Postby admin » Fri Oct 13, 2023 10:18 pm

Trump’s Longtime CFO Lied, Under Oath, About Trump Tower Penthouse
by Dan Alexander
Senior editor at Forbes, covering Donald Trump's business.
Oct 12, 2023,11:04am EDT

In trying to distance himself from Donald Trump’s false financial statements, Allen Weisselberg kept lying.

Allen Weisselberg, the longtime chief financial officer of the Trump Organization, lied in sworn testimony on Tuesday when questioned about Donald Trump’s penthouse atop Trump Tower.

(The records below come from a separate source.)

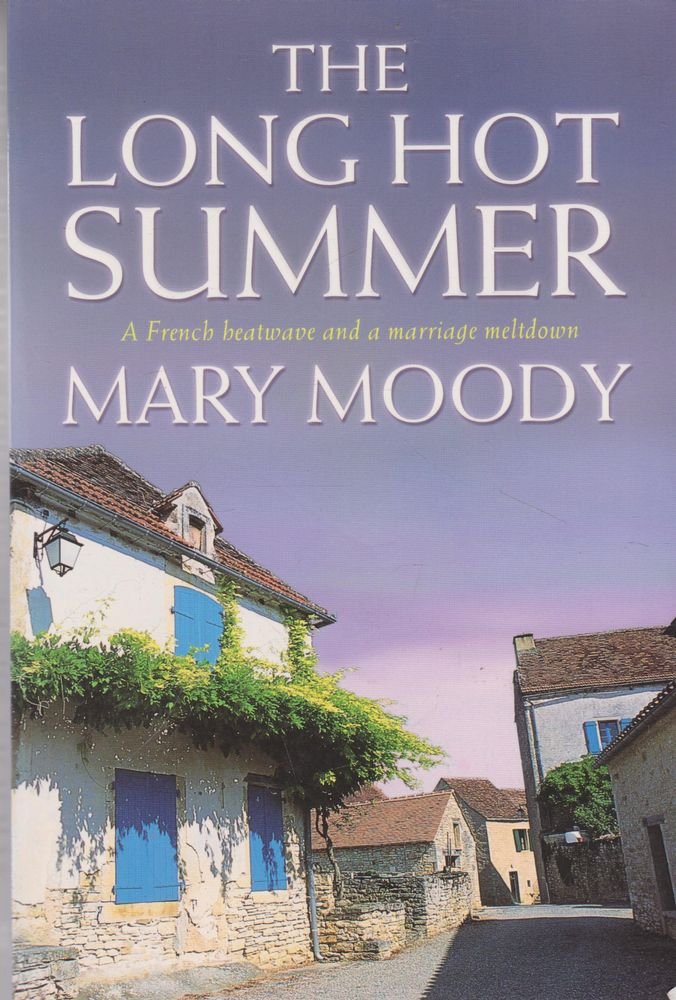 The Long Hot Summer: A French Heat Wave and a Marriage Meltdown book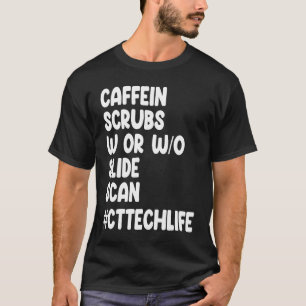 Koffein Scrubs Scannt CT Tech Leben Katze Scan T-Shirt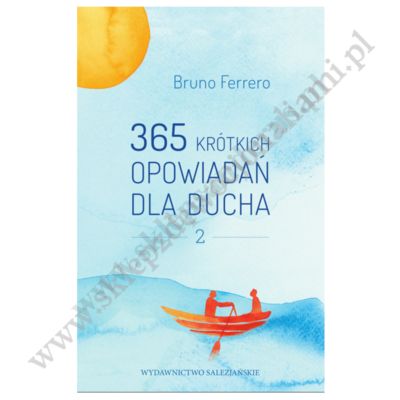 365 KRÓTKICH OPOWIADAŃ DLA DUCHA - TOM 2
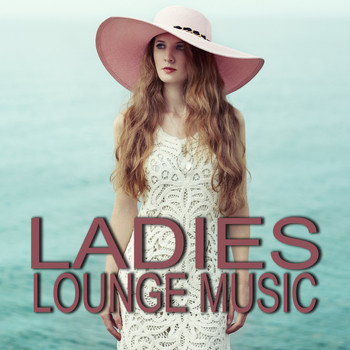 Various Artists - Ladies Lounge Music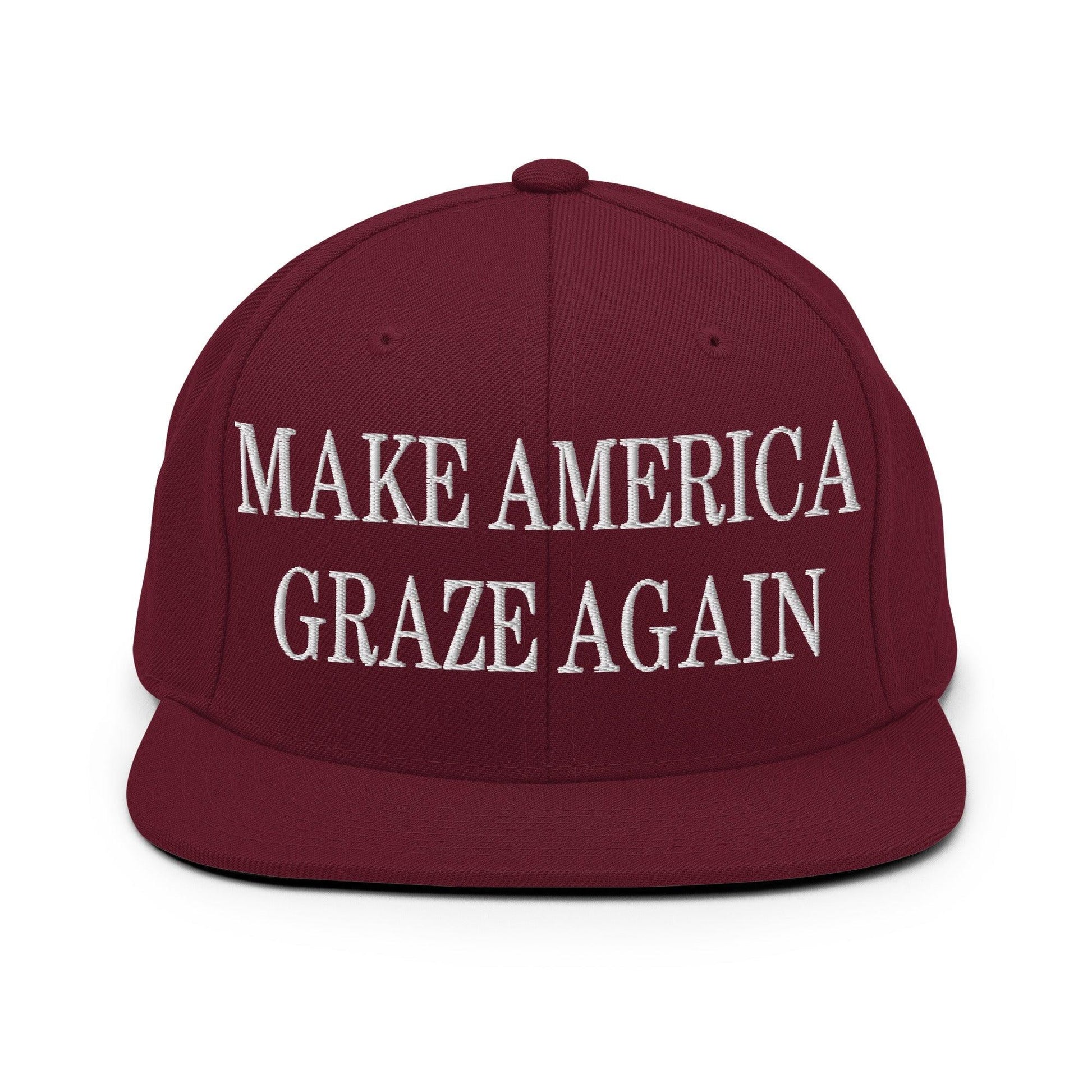 Make It Graze Again Embroidered Flat Bill Brim Snapback Hat - Maroon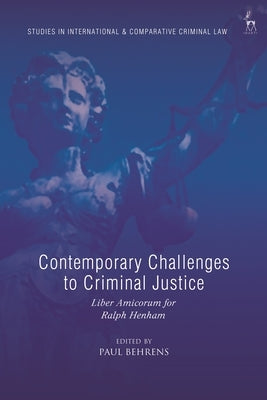 Contemporary Challenges to Criminal Justice: Liber Amicorum for Ralph Henham by Behrens, Paul
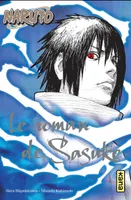 Naruto - romans - Tome 2 - Le roman de Sasuke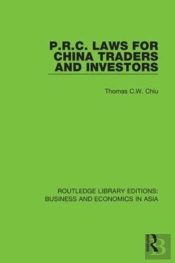 P.R.C. Laws For China Traders And Investors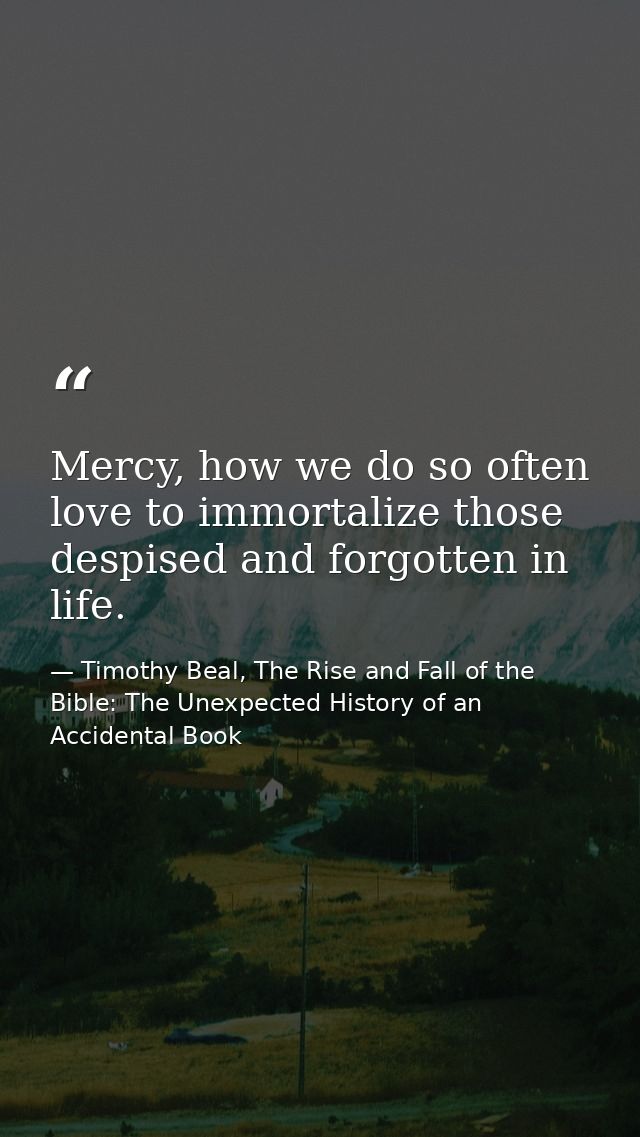 Mercy, how we do so often love to immortalize those despised and forgotten in life. — Timothy Beal, The Rise and Fall of the Bible: The Unexpected History of an Accidental Book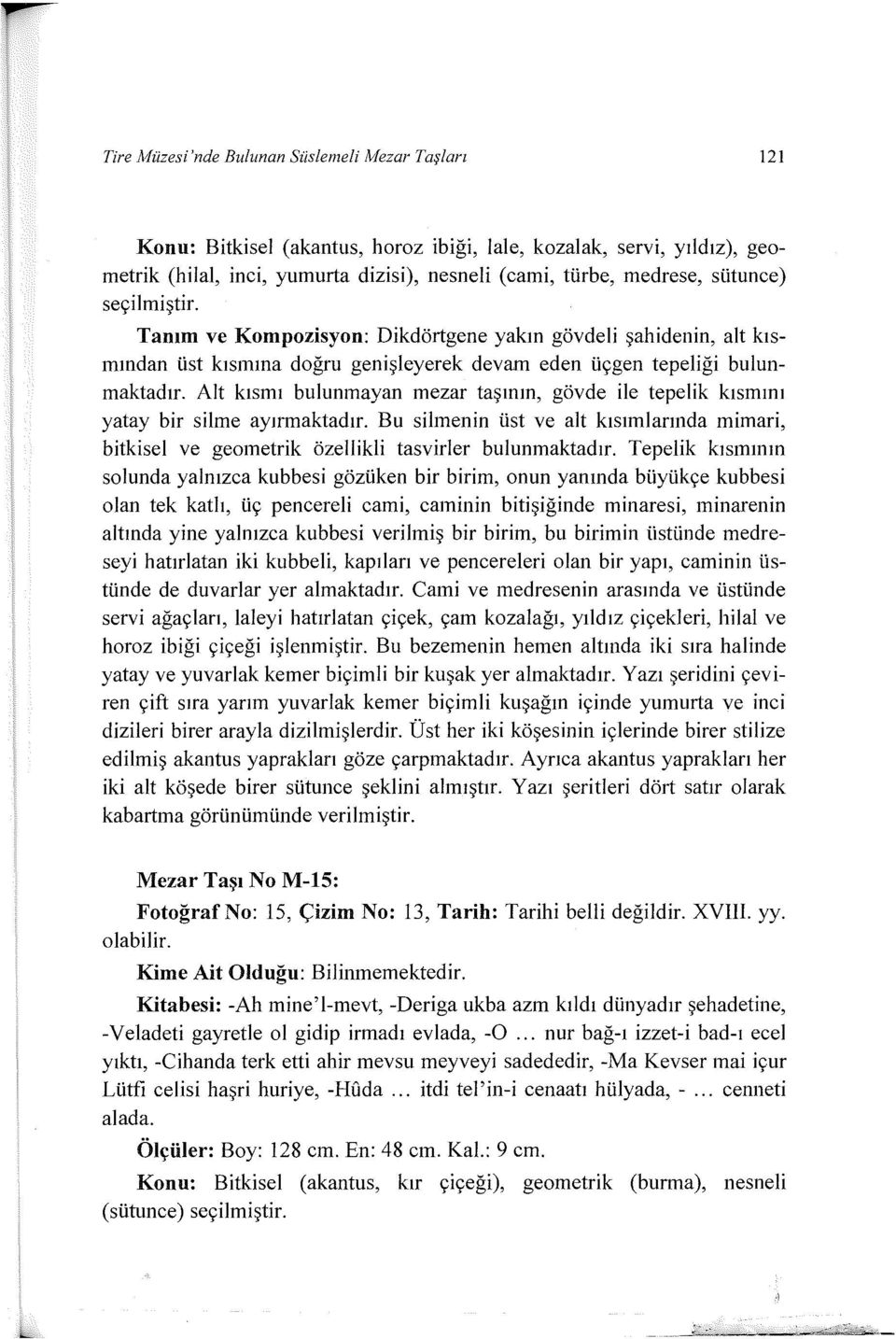 Alt kısmı bulunmayan mezar taşının, gövde ile tepelik kısmını yatay bir silme ayırınaktadır. Bu silmenin üst ve alt kısımlarında mimari, bitkisel ve geometrik özellikli tasvirler bulunmaktadır.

Weisselberg was on the stand as part of a $250 million lawsuit that the New York attorney general is waging against Trump and his associates, including Weisselberg, accusing them of lying about Trump’s net worth to financial institutions. To arrive at inflated figures, the Trump Organization used demonstrably incorrect facts, such as valuing Trump’s penthouse as if it contained 30,000 square feet, when it in fact consisted of 10,996.

Under questioning, Weisselberg acknowledged that the 30,000-square-foot figure was wrong. He tried to suggest, however, that he had little to do with the bogus calculation, batting away a series of questions about the financial documents and discussions with Forbes, which has been valuing Trump’s fortune since 1982. “I never focused on the triplex, to be honest with you,” Weisselberg said. “It was almost de minimis relative to his net worth, so I really didn’t focus on it.”

He repeated similar lines as his testimony continued. “I never focused on the apartment Mr. Trump owned,” he said at one point. At another: “I didn’t correlate the square footage of Donald’s apartment. I never focused on it. It was always in my mind a de minimis asset of the overall of Donald J. Trump’s statement of financial condition. That was never a concern of mine. I never even thought about the apartment. It was de minimis in my mind.”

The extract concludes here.